Diantara ungkapan dinyatakan bahwa
kebudayaan islam paling relevan bagi ilmu eropa. Sejak abad ke-7 hingga abad
ke-10 bahasa arab menjadi bahasa kaum terpelajar bagi bangsa-bangsa yang
terentang dari peria hingag spanyol. Di baghdad, pada abad ke-9 dilakukan penerjemahan
terhadap sumber-sumber yunani ke bahasa arab,. Lalu pada abad ke-12 karya
berbahasa arab diterjemahkan kedalam bahasa latin, dalam berbagai bidang
keilmuan, dan akhirnya dalam bidang filsafat ilmu (jerome R. Ravertz: 21).
Diluar itu pengembangan ilmu pengetahuan juga ditopang oleh perpustakaan.
Keduanya berjalan seiring.
Dikemukakan oleh fazlur rahman ,
bahwa pertumbuhan yang tetap dan cepat dari perpustakan-perpustakaan semi
peblik adalah ciri dari pendidikan islam zaman pertengahan. Para pejabat yang
terkemuka dan mampu mengumpulkan buku-buku dalam jumlah yang besar dan
menyediakannya untuk diprgunakan oleh para pencari ilmu pengetahuan.

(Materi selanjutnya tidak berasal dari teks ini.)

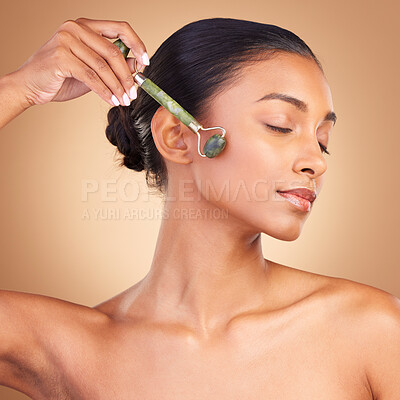 Buy stock photo Woman, beauty and derma roller with face, calm with facial massage and skincare on studio background. Cosmetic tools, healthy skin glow and female with eyes closed, jade quartz and crystal with peace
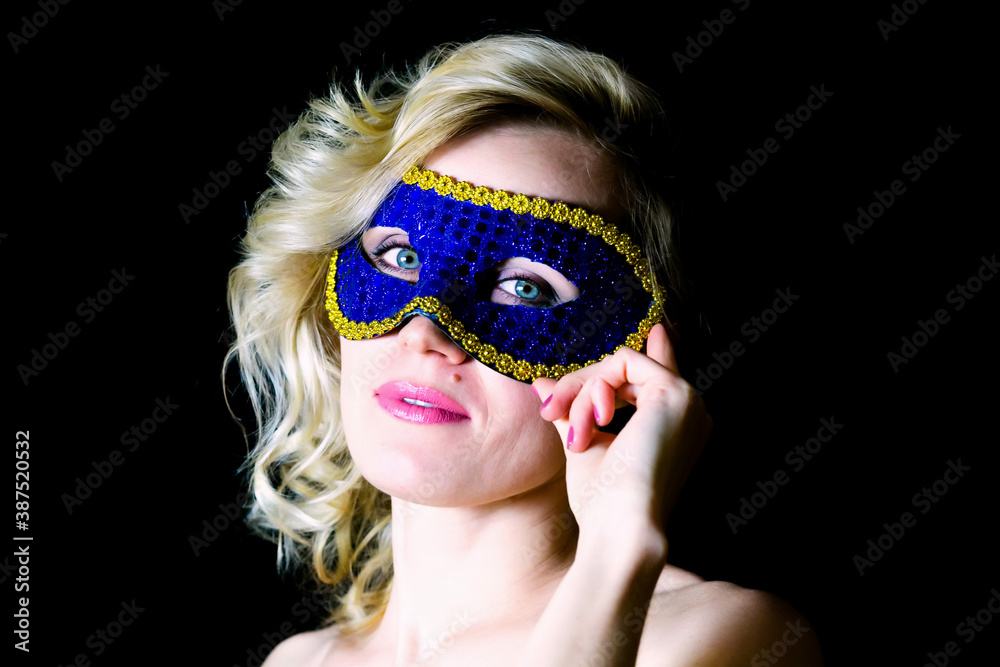 Woman in blue eye mask with bare shoulders,. Woman in blue eye mask with bare shoulders,.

Kadang-kadang juga menyedekahkannya untuk dipergunakan oleh umum. Perpustakaan tersebut berisi buku tentang
segala macam masalah seperti, kesusteraan, ilmu-ilmu keislaman yang spesifik,
(fazlur rahman, 1984: 265-266).
Menurut jerome R. Revertz,
perpustakaan cordova di spanyol memiliki 500.000 buah buku, pada saat
bangsa-bangsa di pyrenia utara paling-paling hanya mempunyai 5.000 buah buku
jerome R. Ravertz: 20) melalui terjemahan dan karya para ilmuan muslim ini,
perkembangan ilmuan eropa mulai menggeliat. Pengaruh tersebut dinilai sangat
besar perannya dalam mendorong ide-ide yang revolusioner dan bersifat inovatif di
eropa. Pengaruh yang mampu mendobrak pemikiran keliru yang sudah baku, baik
yang menyangkut penafsiran fenomena alam maupun dalam melakuakan penalaran
(conny R. Semiawan: 21). Adapun pendobrak pemikiran dimaksud adalah teori
copernicus.
Teori copernicus membuka jalan bagi
terjadinya peristiwa kehebohan intelektual atau lebih dikenal sebagai revolusi
sains. Teori ini telah melahirkan tokoh-tokoh utamanya seperti tycho brahe
(1546-1601), johannes kepler (1571-1630), galileo galilei (1564-1642), dan isac
newton yang hidup antara tahun 1642- 1727 (john freely: 361). Menurut conny R.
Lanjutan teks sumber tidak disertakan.